- Exercise prompt -
Your answer should be an exact copy of the lines from the one containing "Продаю 4 LED лампы RGB!" through the last line of the records below, without any pictures.
(Input for this task Opens)
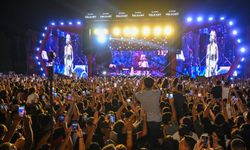 95. İEF'te Yıldız Tilbe Rüzgarı Esti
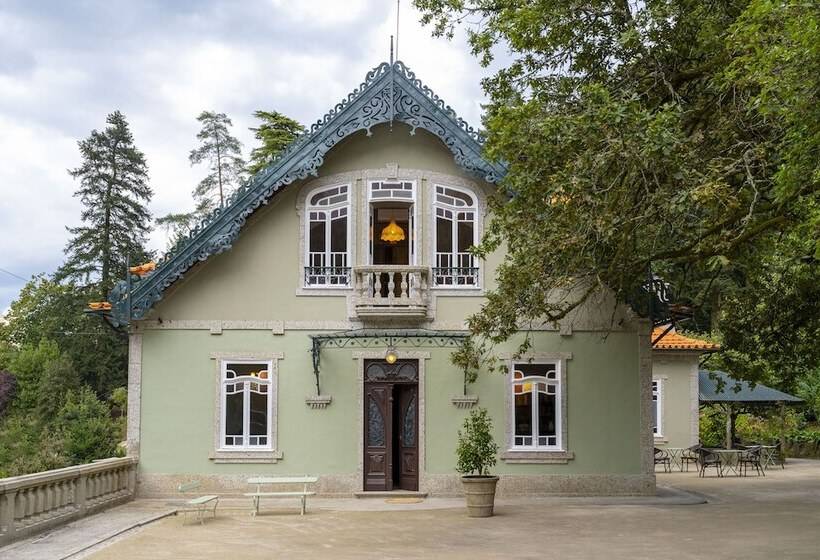 בית מלון כפרי The Grove Houses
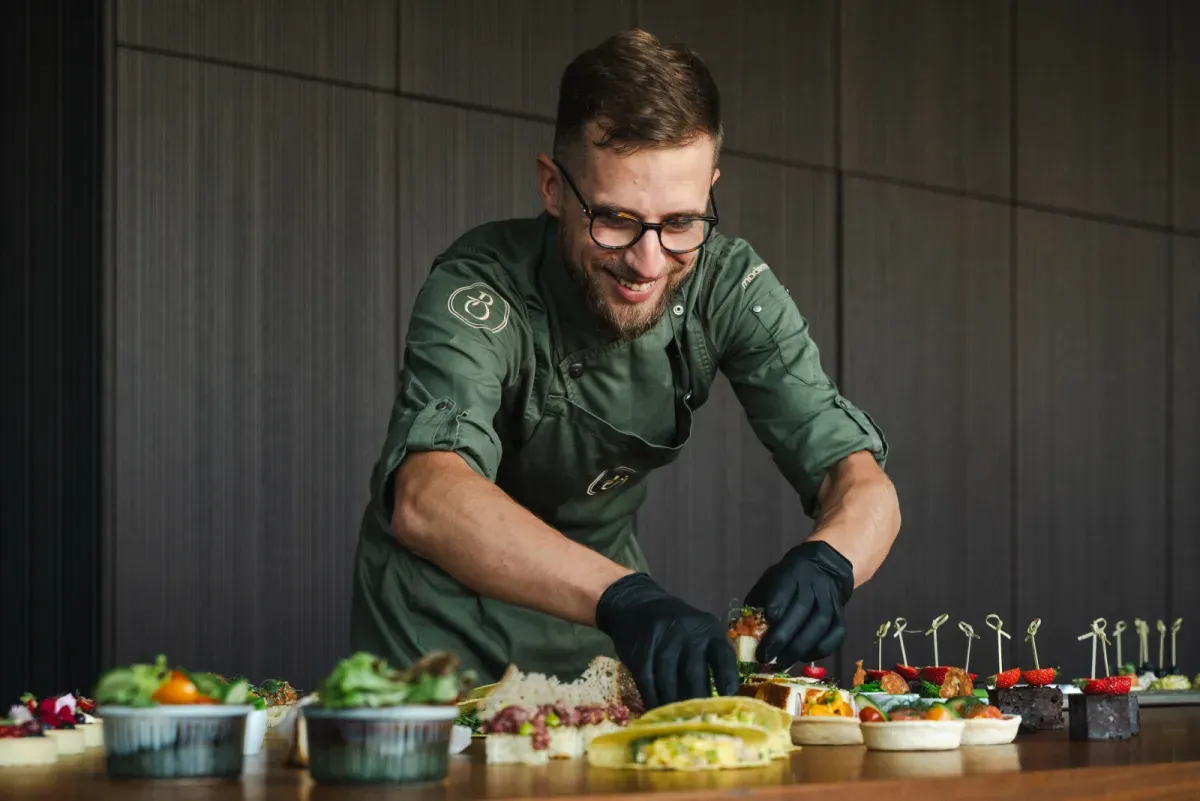 Gdański biznes zasiada do wspólnego stołu. Bistro Oliwa stawia na polską gościnność i catering dla firm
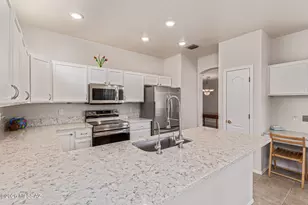 3231 W Northern Cross Trail, Tucson, AZ 85742 - Photo 10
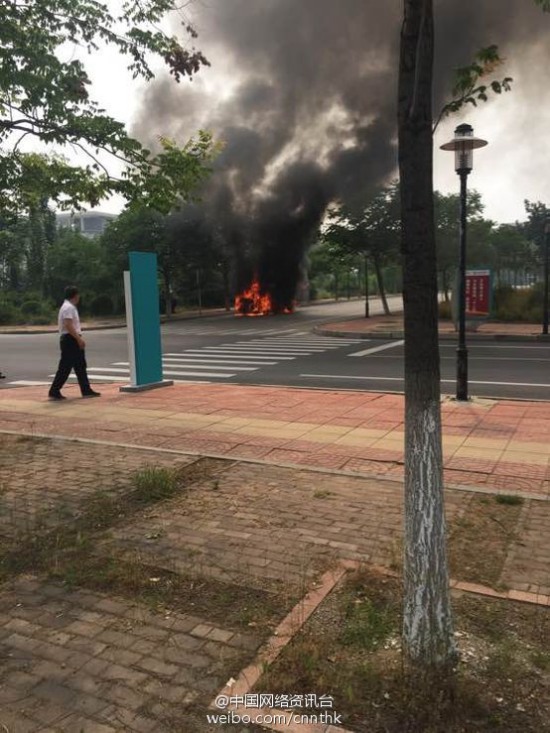 山東泰安醫學院校園游覽車起火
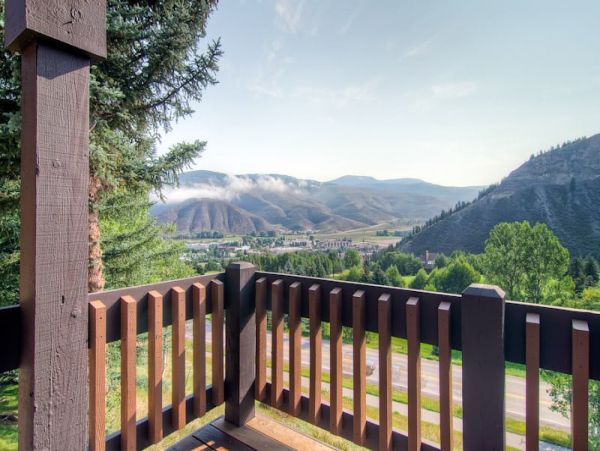 Complimentary shuttle service to Beaver Creek Village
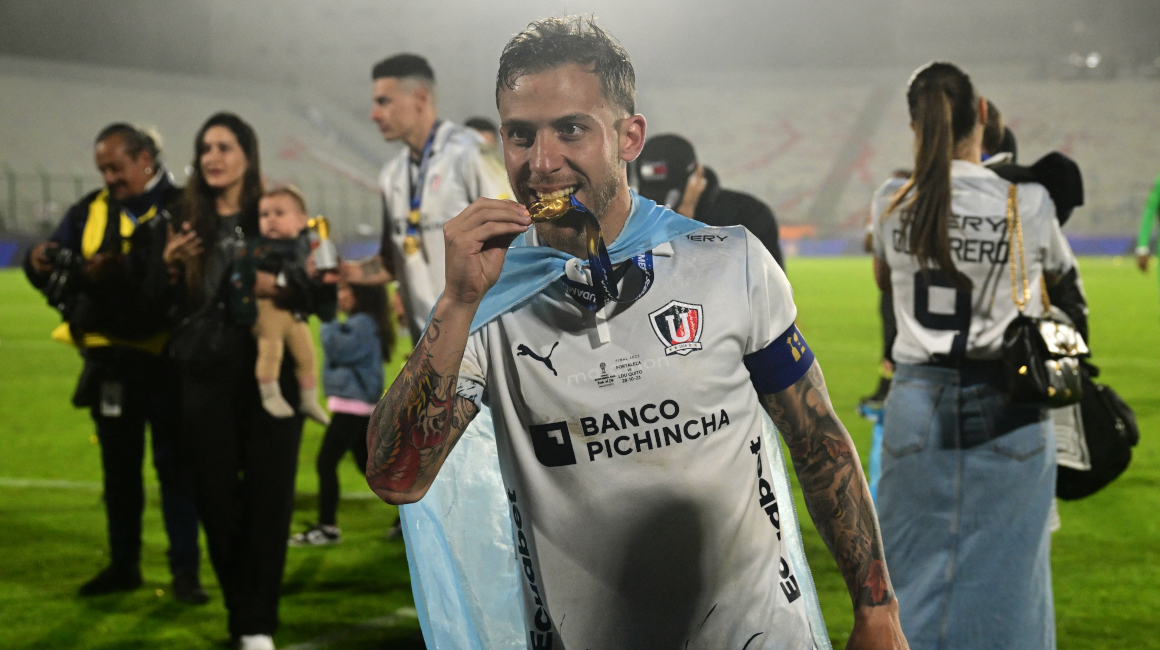 Ezequiel Piovi posa con su medalla de campeón de Copa Sudamericana 2023.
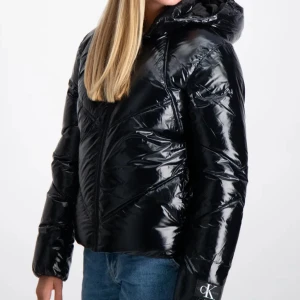 Glansig jacka - SVART GLOSSY CUT SEAMS PUFFER JACKET - TJEJ - storlek 16 år/170. Har en defekt på ena underarmen. De sista bilden!! Svart. Slutsåld!!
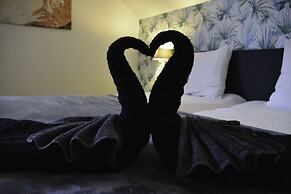 B & B Aphrodite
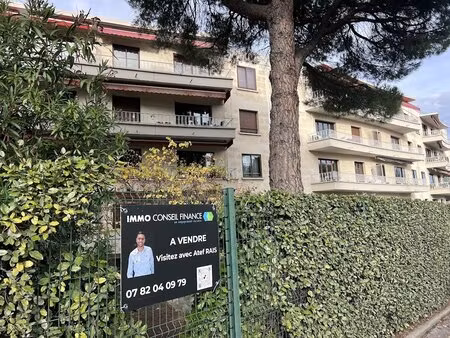 appartement 5 pièces 90 m² avec balcon à montpellier secteur hôpitaux facultés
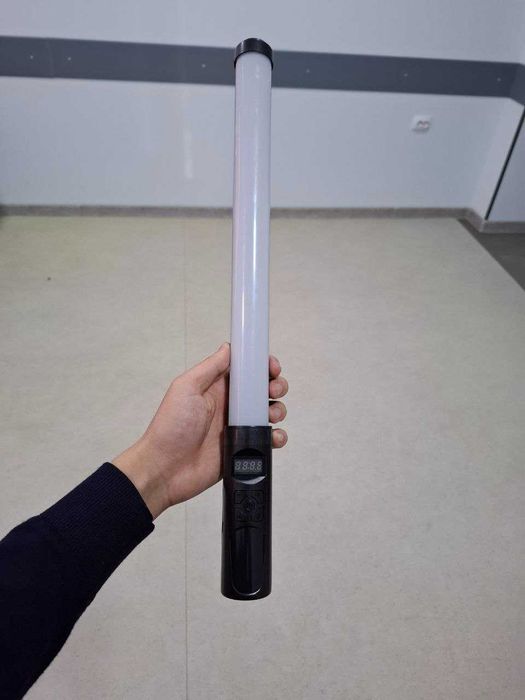 Продаю 4 LED лампы RGB!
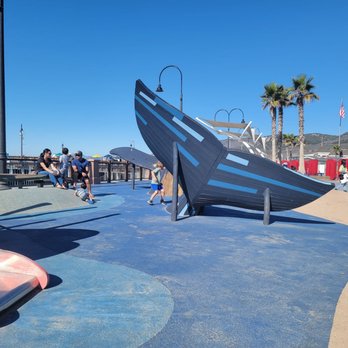 Splash Cafe - Playground close by if you want to get take out and watch the kids play - American Near Me - Pismo Beach, California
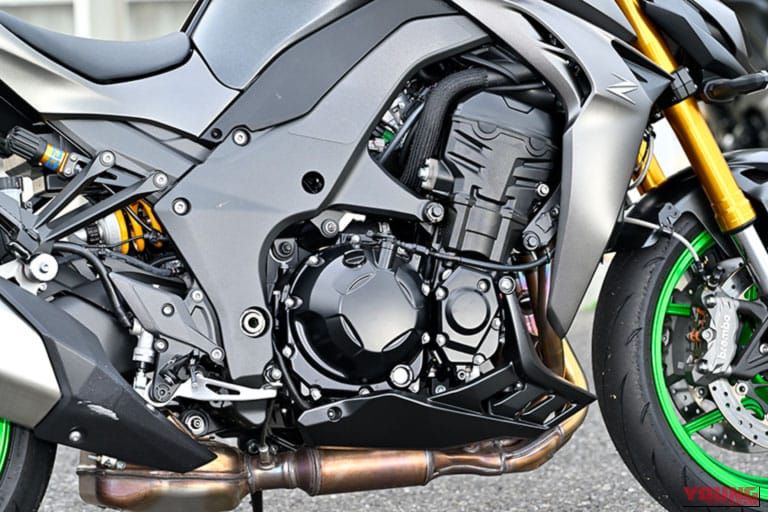 Kawasaki Z1100 SEのエンジン部分｜「相応に頑張ってもまだ余裕…」「かなり走れるネイキッド」スゴみがあふれるスタイルが印象的。カワサキのスーパーネイキッド「Z1100 SE」に試乗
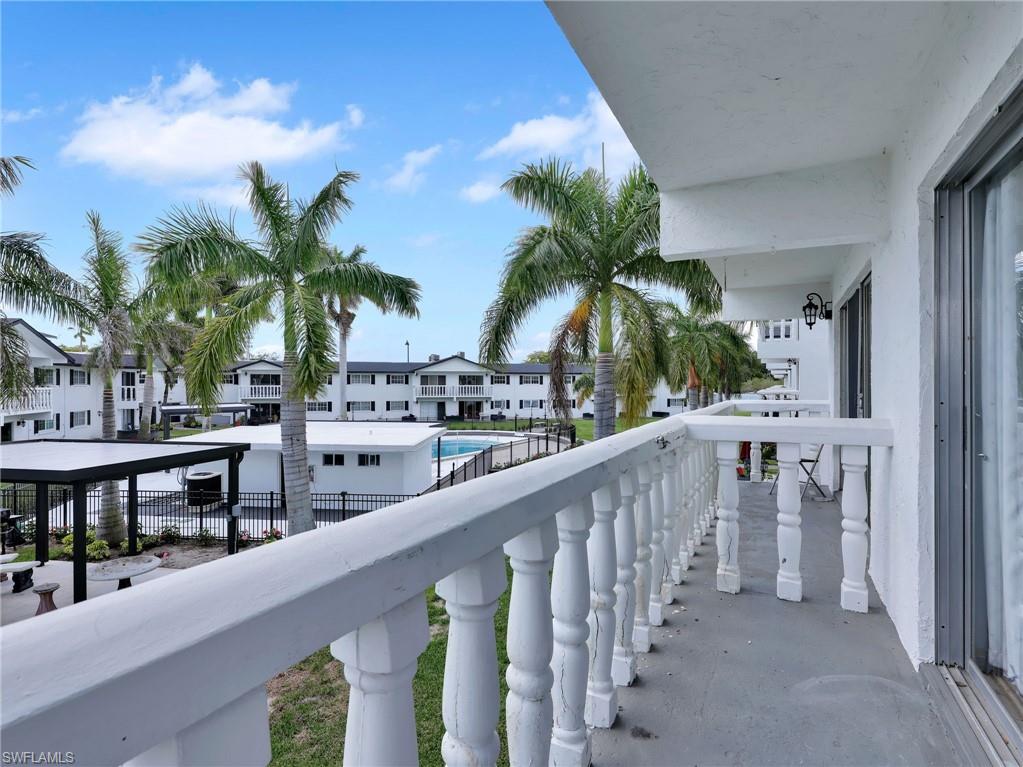 WINDSOR WEST - Residential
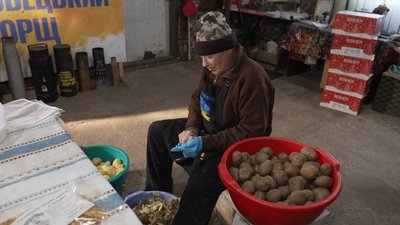 "Сухі борщі" для оборонців готують волонтерки з Вінниччини "Сухі борщі" для оборонців готують волонтерки з Вінниччини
(Input for this task Closes)
- Task result -
 Продаю 4 LED лампы RGB!
 Splash Cafe - Playground close by if you want to get take out and watch the kids play - American Near Me - Pismo Beach, California
 Kawasaki Z1100 SEのエンジン部分｜「相応に頑張ってもまだ余裕…」「かなり走れるネイキッド」スゴみがあふれるスタイルが印象的。カワサキのスーパーネイキッド「Z1100 SE」に試乗
 WINDSOR WEST - Residential
 "Сухі борщі" для оборонців готують волонтерки з Вінниччини "Сухі борщі" для оборонців готують волонтерки з Вінниччини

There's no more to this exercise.